■ Exercise aim: In the entries that follow, find the line containing "Woning Meerstraat 70A Beverwijk" and the line containing "Adriana Pugliesi", then copy exactly everything from the first through the second except the pictures.
(Stored data)
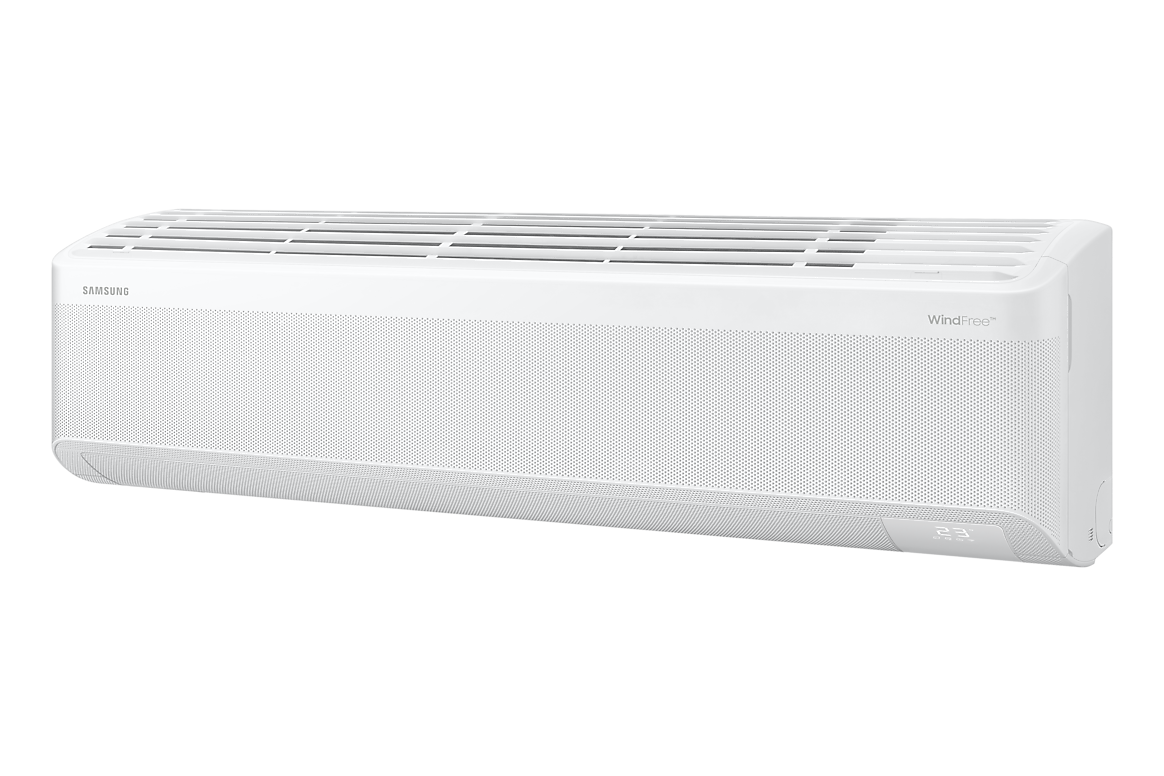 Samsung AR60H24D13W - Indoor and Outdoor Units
(End Stored data)
(Stored data)
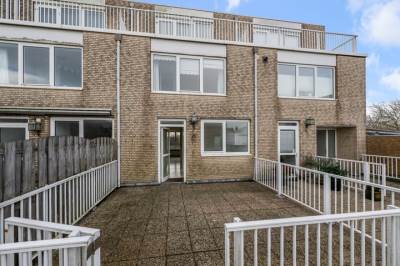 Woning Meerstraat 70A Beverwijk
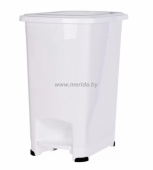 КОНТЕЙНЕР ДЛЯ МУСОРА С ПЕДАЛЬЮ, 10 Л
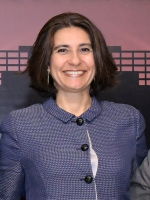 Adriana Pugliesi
(End Stored data)
(Stored data)
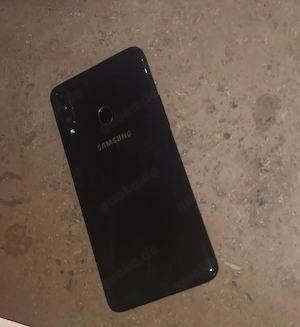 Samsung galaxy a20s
(End Stored data)
■ Reply to the exercise:
 Woning Meerstraat 70A Beverwijk
 КОНТЕЙНЕР ДЛЯ МУСОРА С ПЕДАЛЬЮ, 10 Л
 Adriana Pugliesi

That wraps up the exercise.